Throughout the five test runs, it was clear that the under-resourced database instance in the first test run noticeably degraded system performance and user experience. Once the database instance was properly sized for our workloads, the ArcSOC : vCPU ratios had a smaller impact on workflow execution times. Looking at the table below, we can see the 1:1 ArcSOC : vCPU ratio imposed some additional wait times (0.246s) on viewing workflows, but didn’t significantly impact editing workflows (see P99 Waits HS). This is likely due to busy ArcSOCs on the hosting server.

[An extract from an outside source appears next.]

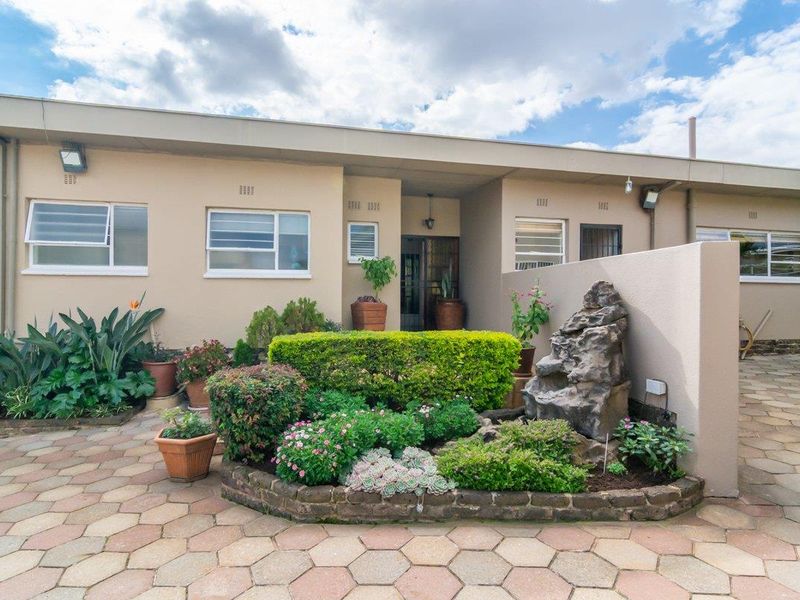 Stunning Family Home in Greenhills - Photo 3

The 2:1 ratio produced nearly identical workflow execution times with no significant waits, but did have high memory utilization on the UN GIS Server (82%). The 2:1 ratio is too high for these versioned editing workflows, where max ArcSOCs on the UN GIS Server only reach 7. Therefore, by increasing ArcSOCs on the UN GIS Server, we are only wasting server resources. However, the hosting server, supporting view-only workflows, easily supported the 2:1 ratio. The UN GIS Server needs more memory to support ratios at 2:1 and beyond. At 4:1, the hosting server also needs more memory.

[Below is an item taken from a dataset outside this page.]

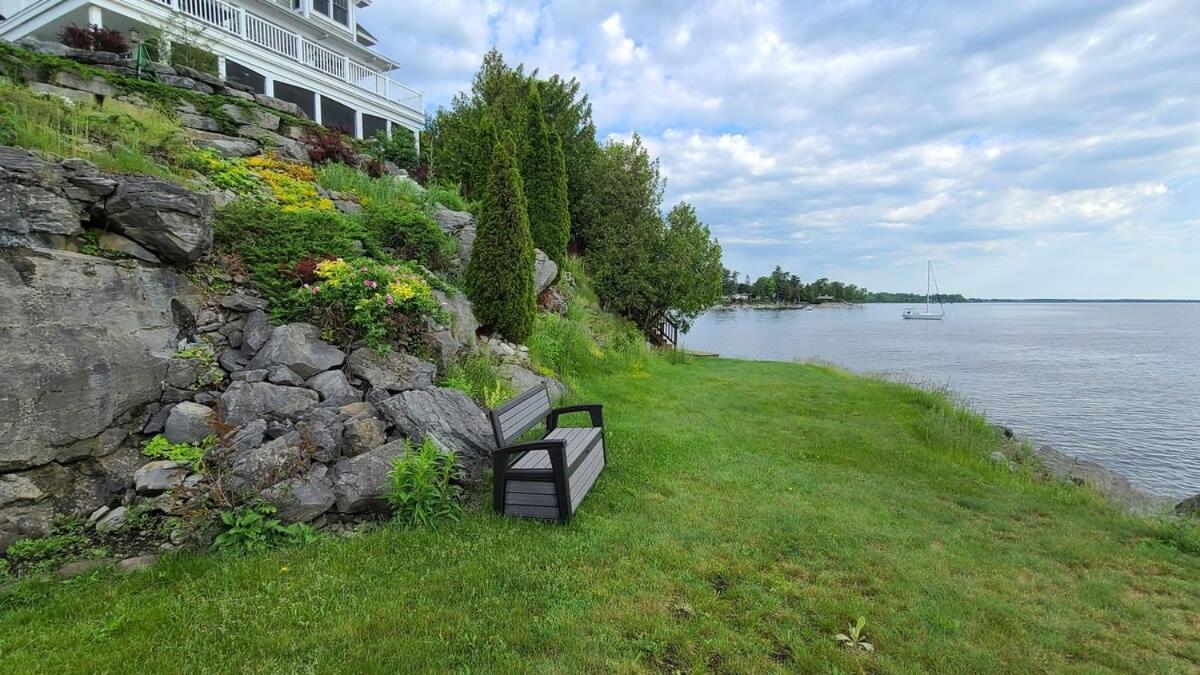 Loza House Adirondack Skydeck Unit Lake Front Plattsburgh Exterior foto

Table comparison of all test runs

Resource utilization

We concluded that adding more service instances did not result in better user experience for editors, although it may improve responsiveness in our view workflows by reducing wait times. We saw that even ArcSOCs that were not in use were still consuming server resources. The table above shows workflow times slightly increasing as the ArcSOC : vCPU ratio is increased.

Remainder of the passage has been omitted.